In Ukraine’s 2004 presidential election, then Prime Minister Viktor Yanukovych, a close ally of Putin, ran against Viktor Yuschenko who wanted Ukraine to move closer to the European Union.
Yuschenko led a political coalition called Our Ukraine, which “united various democratic parties and groups from across the nation in hopes of bringing democracy to…Ukraine.”
“In early September 2004, Yushchenko led Yanukovych in the polls when he fell “suddenly and violently ill.” With his life in danger and no clear diagnosis, his aides brought him to a clinic in Vienna.

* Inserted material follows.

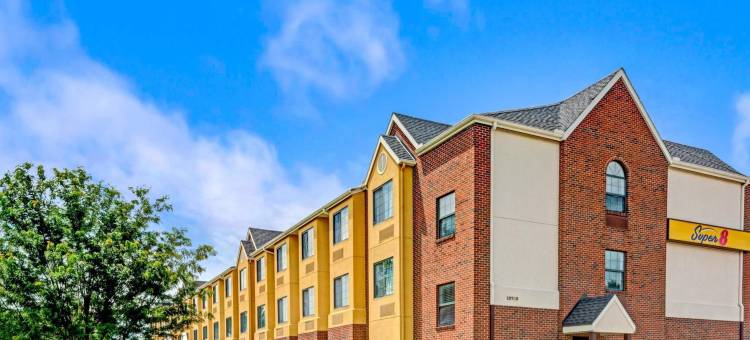 堪萨斯城奥佛兰公园品质酒店(Quality Inn Overland Park Kansas City)图片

There, doctors concluded that he had been poisoned by a particular strain of dioxin produced in only a handful of countries, “including Russia and excluding Ukraine.”
Yuschenko survived, but his face was disfigured by the poison and he suffered “excruciating pain,” requiring heavy pain medication.
Yuschenko nonetheless returned to the campaign trail, gaining even more support.
After the first round of the presidential election, the two-highest polling candidates, Yushchenko and Yanukovych, proceeded to a runoff on November 21.
Independent exit polls funded by the US and other western countries showed that Yuschenko won the runoff, 53/44. But according to the official report, Yanukovych won 49.5/46.0.